Nun geht es los nach Hause, mit Zwischenstopps natürlich. Der erste Stopp soll Triest sein. Hier werden wir unseren Sohn verkaufen und alleine weiterfahren. Ach nee, sein Kumpel kommt mit dem Kreuzfahrtschiff an und nimmt ihn mit nach Frankreich. Wir kommen Rechtzeitig lois und entsorgen erstmal unser Grauwasser, war auch notwendig, Tank war voll. Dann noch Wasser auffüllen und los kann es gehen. Pünktlich um 09:00 Uhr. Nachdem wir noch die letzten Kunaś ausgegeben haben für Frühstück.
Die Fahrt an Sicht ist sehr langweilig. Auf die Autobahn rauf und dann immer Richtung Norden.

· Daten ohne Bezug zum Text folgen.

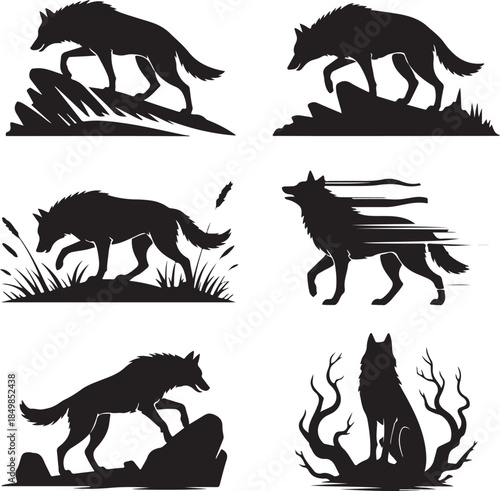 Majestic Wolf Silhouette Vector Illustration – Wild Animal Logo Design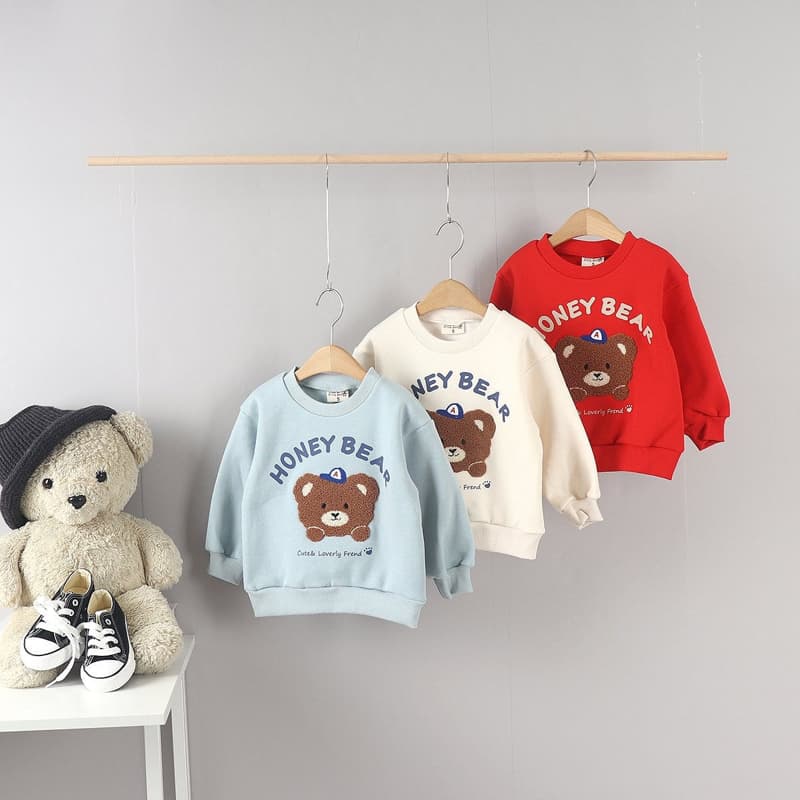 Olive denim - Korean Children Fashion - #discoveringself - Boucle Bear Tee - 2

Irgendwann erreichen wir die Kroatisch/Slowenische Grenze und können den Kinder mal zeigen wie es früher in Europa an den Grenzen aussah. Wartezeit ca. 45 Minuten. Zwei Spuren waren geöffnet und leider versteht nicht jeder auch beide Spuren zu nutzen. Dann weiter über die Landstraße bis auf einmal Koper auftaucht, dann kommt ein Tunnel und auf einmal heißt es:

Willkommen in Italien.
Wir parken direkt am Hafen auf einen 24 Std. Parkplatz.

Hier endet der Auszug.